Over the past 25 years - the last two in particular - I have examined closely, and in some cases worked directly with, a range of defined contribution pension systems around the world. This includes key aspects of their design and operation, particularly in the UK, Hong Kong, Switzerland, Chile, Ireland, Greece (no finalised systems) and Colombia. The analysis includes key benchmarking against a range of countries. Australia is always included.

The Australian strengths are clear and include compulsory, defined contributions; diversified arms-length investment; independent trustee governance; firm prudential oversight; independent dispute tribunal; compensation in the event of theft and fraud and others.

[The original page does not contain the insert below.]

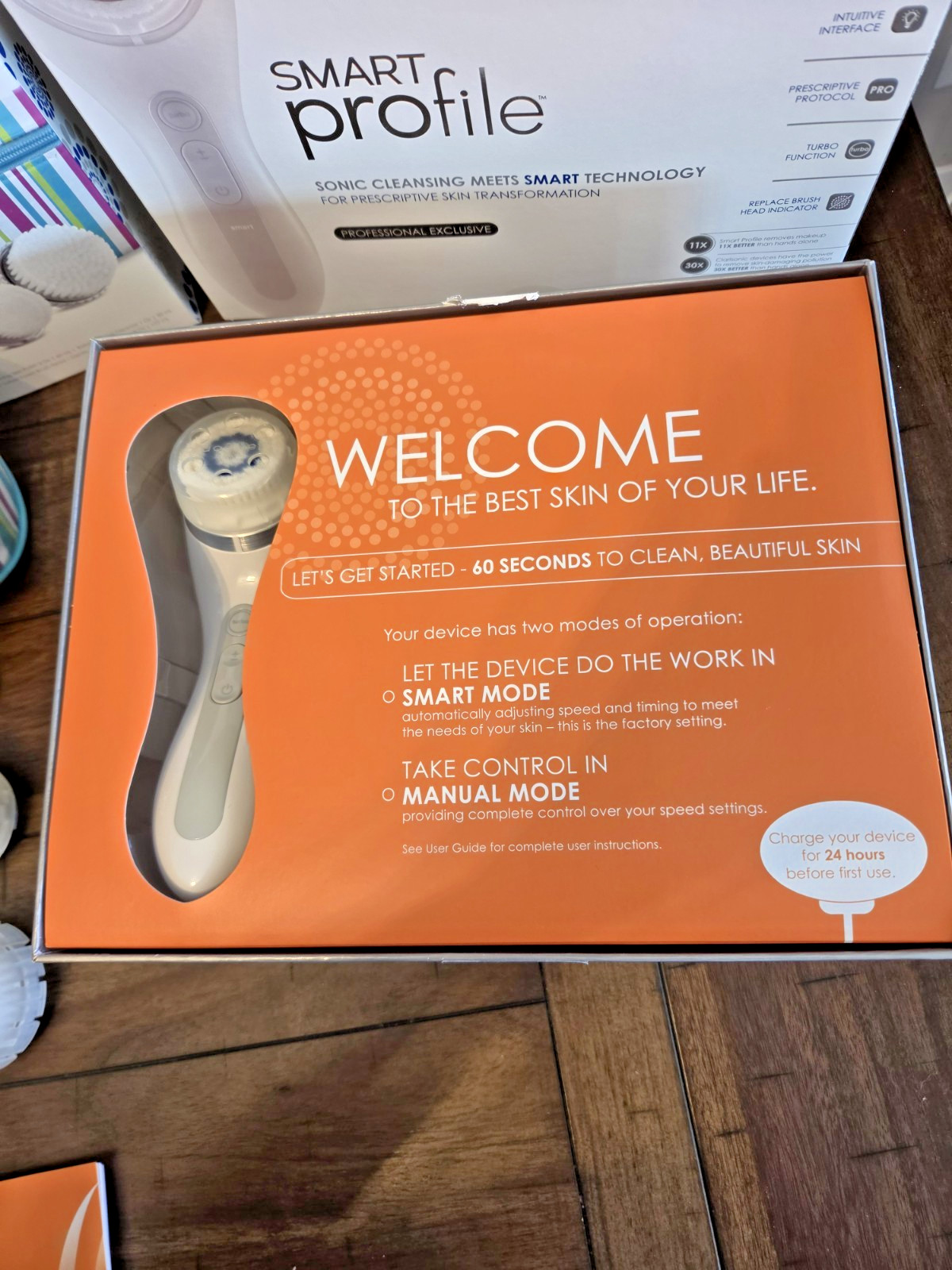Clarisonic Smart Profile Face & Body Sonic Cleansing – New in Opened Box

However, on any analysis our system is the most complex compulsory defined contribution system in the world, mainly because of the number of electable options and decision-making choices that can or should be made by an individual.

And I am not referring here to the fund or investment decision or the tax overlay, which receive considerable attention in public policy debate.

Complexity adds to cost

Ideally a system should be simple to understand, so simple that an individual can effectively make decisions themselves, to the extent permitted in a compulsory system. Simplicity matters because complexity is cost and cost reduces a member’s return particularly in a defined contribution system.

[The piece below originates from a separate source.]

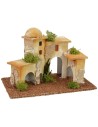 Minareto con arco stile arabo cm 20x12x12,5 h per statue 5-6 cm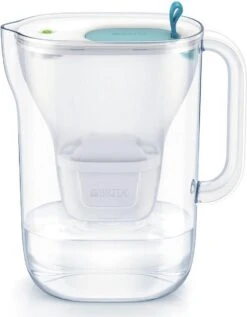 BRITA - Waterfilterkan Style Cool - Blauw - 2,4L + 3 MAXTRA+ Waterfilterpatronen -Waterfilterkan Winkel 935x1200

The costs and various system-wide fee analyses have been highlighted from time to time, for example, in the recent Grattan Institute Report (although they make some good points, I disagree with parts of their analysis and policy suggestions) and the Cooper Review (which I established as a Minister).

The critical question is what drives this cost? Valid reasons include the lack of a centralised administration hub, the number of funds (related to this is a lack of scale in some cases), the number of investment options, the conflicted fees or commission related to advice and product selling and others.

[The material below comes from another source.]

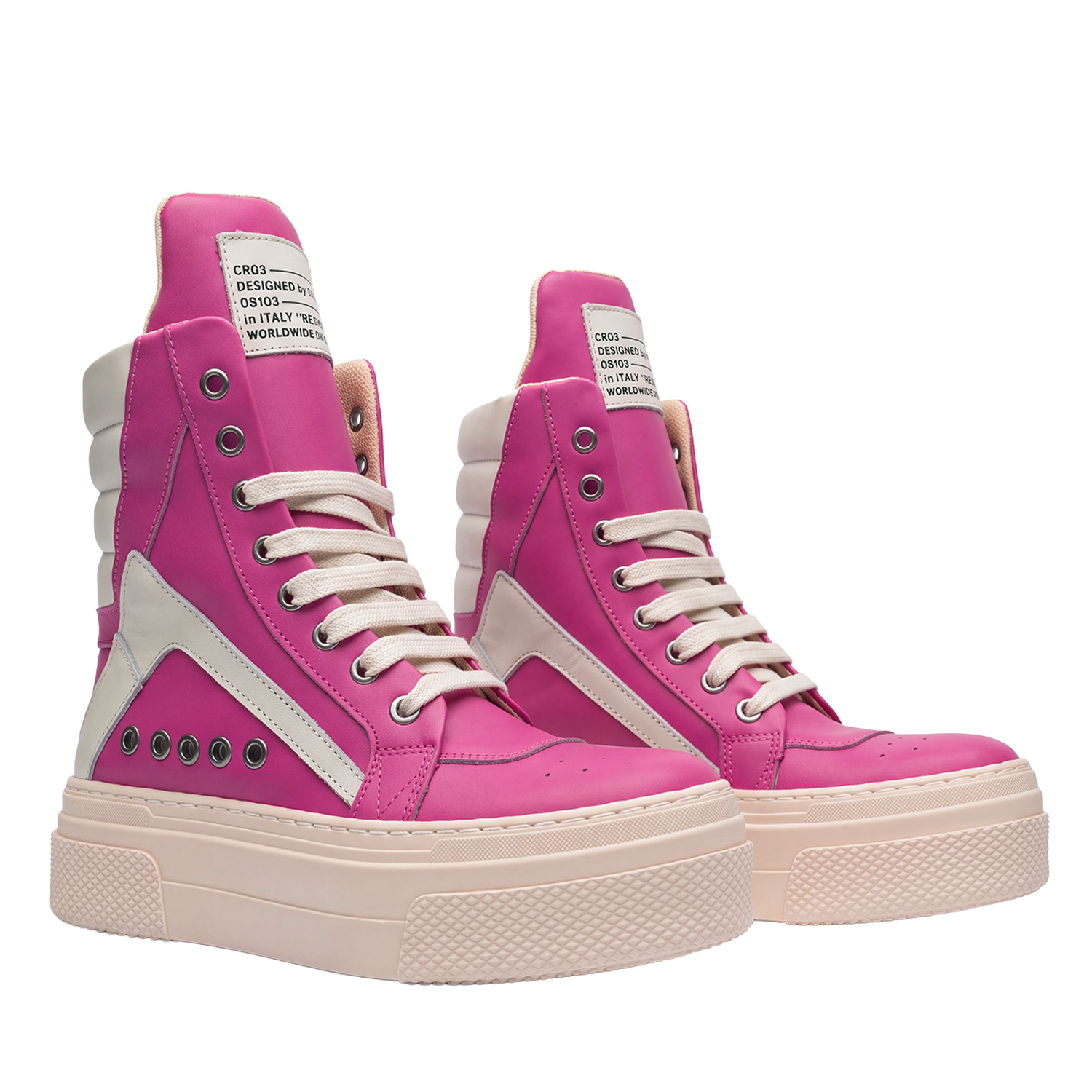 BERLINO - Fuchsia Leather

One key aspect of the Australian system that receives little critical attention is the considerable number and range of electable options and decisions available to the individual. The range of electable options is not available in any other compulsory system.

Examples of our highly complex system

Our super funds include, in addition to the availability of fund and investment selection, such complexities as:

  • insurance - TPD (Total and Permanent Disability)
  • insurance - salary continuance and unemployment insurance
  • consolidation - rolling together multiple accounts
  • estate provisions
  • early access in a range of defined circumstances.

Furthermore, we have made the area of contributions complicated with:

  • salary sacrifice - concessional
  • other after tax contributions - non-concessional
  • co contributions for low income earners
  • splitting of contributions
  • children accounts
  • transition to retirement at age 55
  • spouse contributions

Some other countries may have a few of these options but nowhere near this range of complexity. The newest defined contribution systems in the UK and New Zealand do not have insurance or estate provisions or most of the above.

Australia also has further complexity in the post-retirement space. In addition to allowing lump sum withdrawals (as other defined contribution systems do), there is also a means-tested government pension. No other advanced economy with such an extensive defined contribution system has this provision.

Are we maximising retirement incomes?

This complexity drives up cost in two main areas – administration and advice (or selling depending on your perspective). This is on top of the additional complexity and cost arising as a result of individual fund and investment selection.

It further leads to a fundamental question in a compulsory defined contribution system that is supposed to be for retirement. Is all of this necessary to maximise the retirement income of the individual?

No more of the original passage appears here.